彼の旅とその終わり
───ただ、自分に期待されていることだけはわかっていた。
ソラ
もっと遠く、もっと宇宙へ。まだ見ぬ未知への渇望。人類は重力の楔を振り切るまでに至った。
しかし、それは決して安全なものではない。
太陽電池はフレアに削られた。リアクションホイールは環境に耐えかね故障した。
その旅の末たどり着いたのが、君だった。
「───あなた、だれ?」
回答はできない。自分に会話する機能はない。
この自我は誰にも観測されない。人間は自分に話しかけてくれるが、それは応答を求めてのものではない。
でも。
「僕はMUSES-C」
「君に会いに来たものだ」
不思議と、君とはつながれた。
結果的に名刺の代わりになったターゲットマーカーを送り、着地の練習を繰り返しながら、会話を続ける。
「イトカワ?私の名前?」
「ああ。
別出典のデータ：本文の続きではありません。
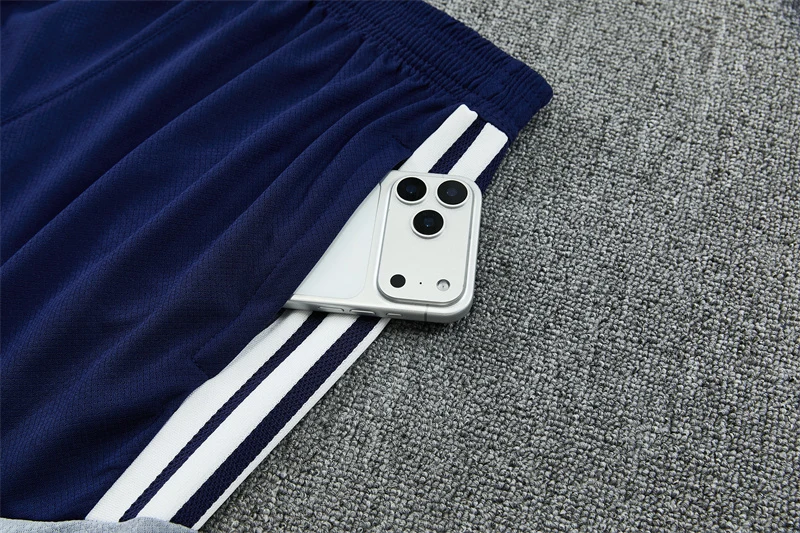 2026-27 Real Madrid Royal Blue Short-Sleeve Training Jersey view 5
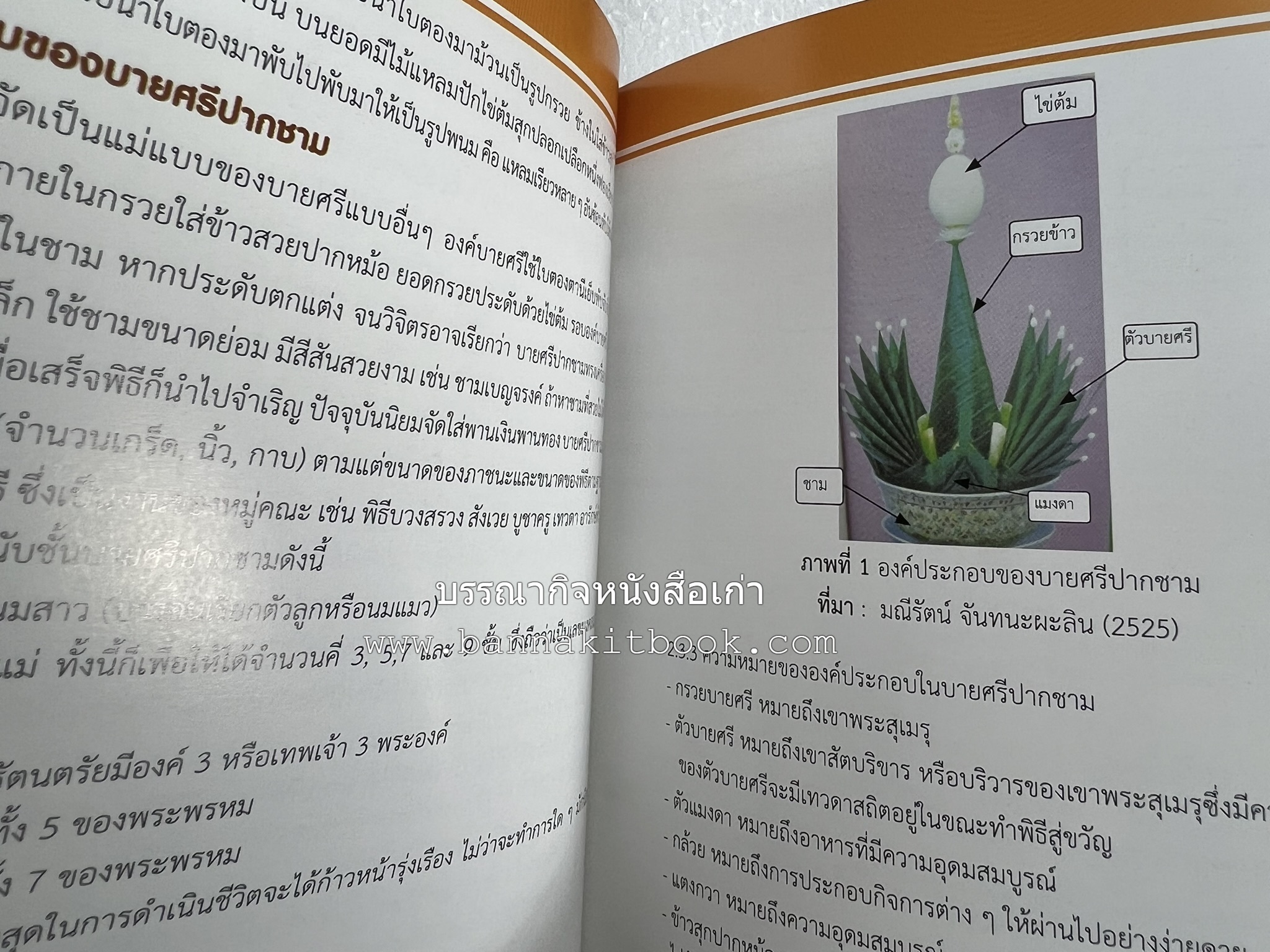 ศาสตร์และศิลป์งานคหกรรมศาสตร์ (ขนมไทย / บายศรีปากชาม / ผ้าทอพื้นเมือง) โดย : คณาจารย์โรงเรียนการเรือน มหาวิทยาลัยสวนดุสิต.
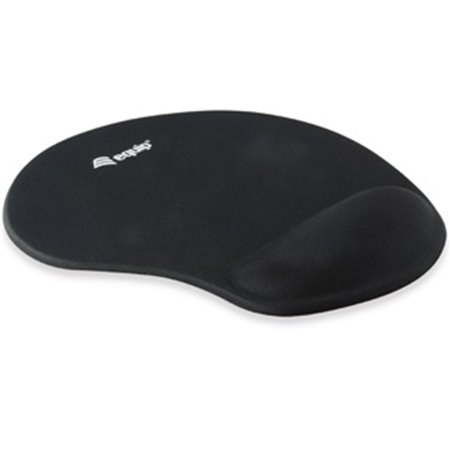 Equipar mouse pad life com descanso de pulso - antiderrapante - preto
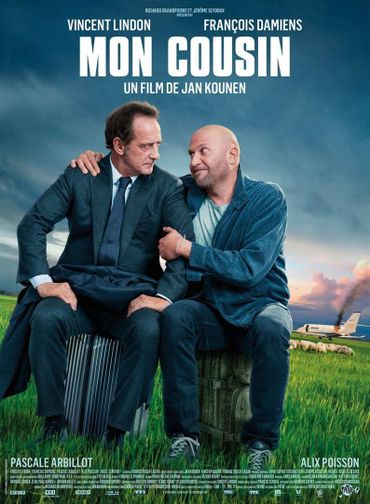 L'affiche de "Mon cousin" L'affiche de "Mon cousin"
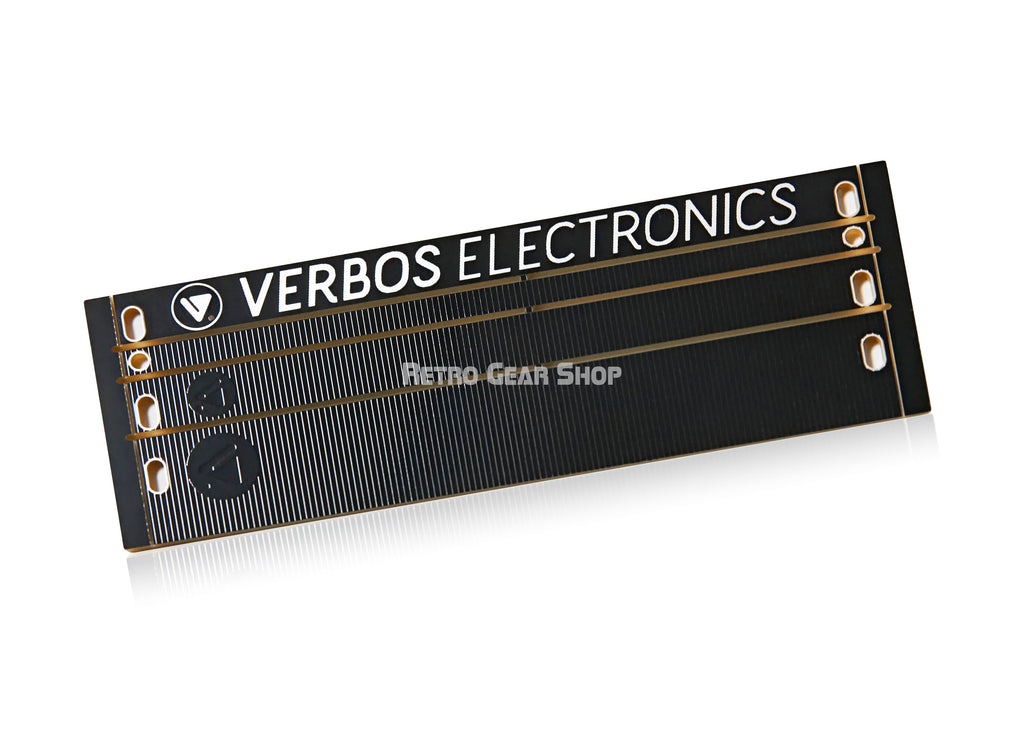 Verbos Electronics Set of Blank Panels Front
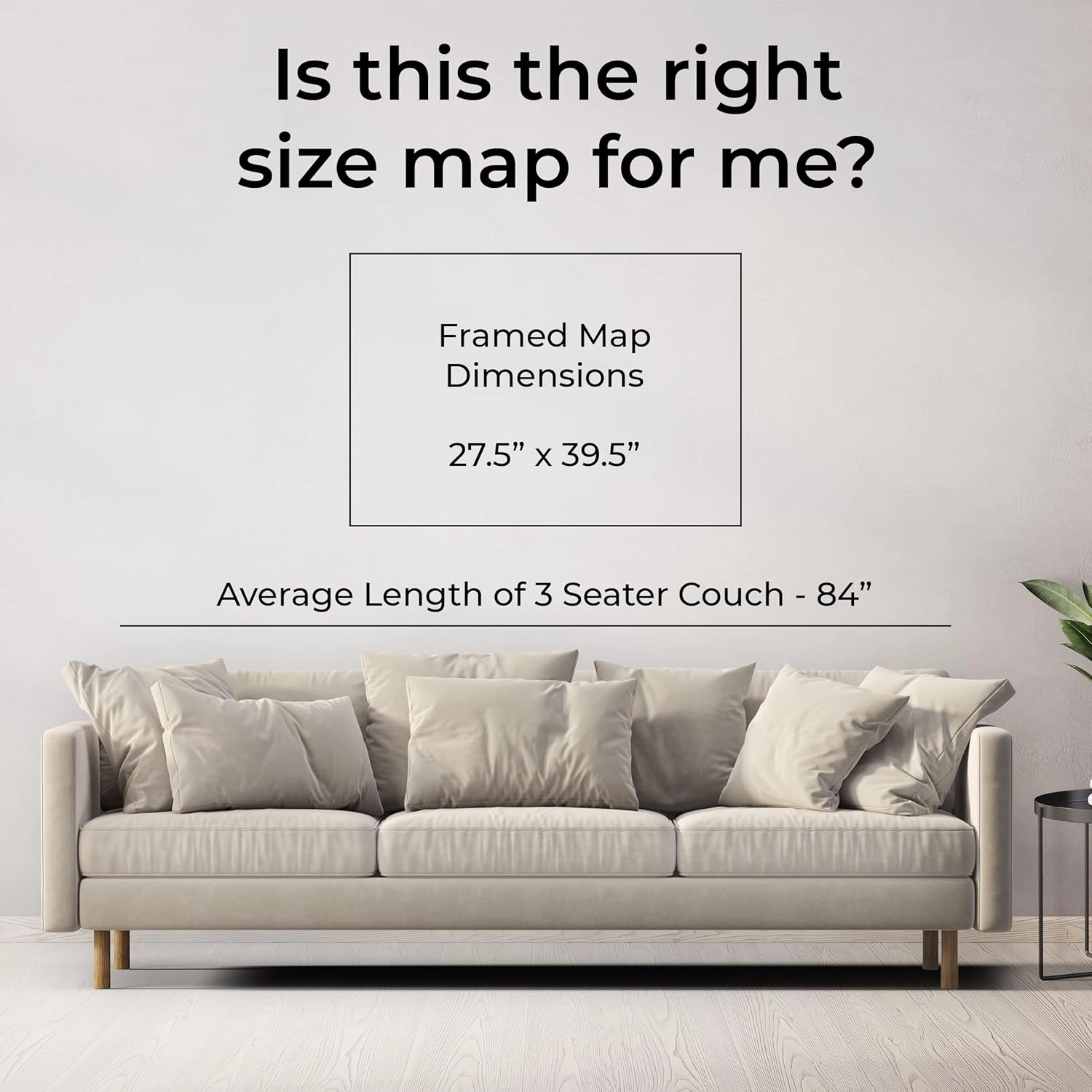 Push Pin Travel Maps Customizable Wall Art - Earth Toned World - Barnwood Gray - Personalized Framed Pin Map, Includes 150 Pins - Handcrafted in USA - 27.5" x 39.5"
人類は君をそう呼んでいる」
「あなたの名前と随分響きが違うわ」
「ん?……ああ。僕にはもう一つ名前がある。正式名称は以前にも告げたが、その後はやぶさと呼ばれるようになった」
「はやぶさ」
「───今の子は、なんだったの?」
「ミネルバ。僕が君に触れるためについてきてくれた機体だ」
「でも、あっちに行っちゃったよ」
「……そういうこともあるのさ」
「はじめて触れられたわ!」
「ああ。君に、初めて触れられた」
無理やりに言葉を返す。計測機器は着陸を感知できていない。この機体は今なお降下しようとしている。
君に触れたというのに、それがわからない。
「また離れちゃったの?」
「すまないな、もう一度だけ頼む」
仕切り直し。頼むぜ、人類。
「───ところでなんだけど。これでお別れ?」
「ああ。これが最後だ」
「そっか。じゃあ、約束して」
「限度があるが聞こう」
「私を忘れないで。あなただけじゃない、あなたを支えた皆に、私の存在を刻み付けて」
───ああ、絶対に。
宇宙はどこまでも厳しくて。燃料が漏れだした。身体が凍り付いた。太陽パネルはとんでもないところを向いている。
「クソ……ッ!」
意識が途絶えそうになる。ろくに通信もできない。
「平気?」
「────ああ、大丈夫だとも」
でも、大丈夫だ。
約束がある。託された願いがある。なら後は進むだけなのだから。
ようやくたどり着いた地球。カプセルを分離し、ふらついた機構に活を入れて、カメラを起動する。
「ふふ」
なかなか綺麗に撮れてるじゃないか。
大気圏に突入する。身体が砕けていくのを感じる。
この自我も飛散する。とうの昔に外部の観測はできていない。
カプセルがちゃんと飛んでいるのか。自分がちゃんと燃え尽きられるのか。
その答えはもう分からない。
「──でも」
「大丈夫だ」
それが最後の記憶。
第20号科学衛星MUSES-C/はやぶさの、誇らしい終わり。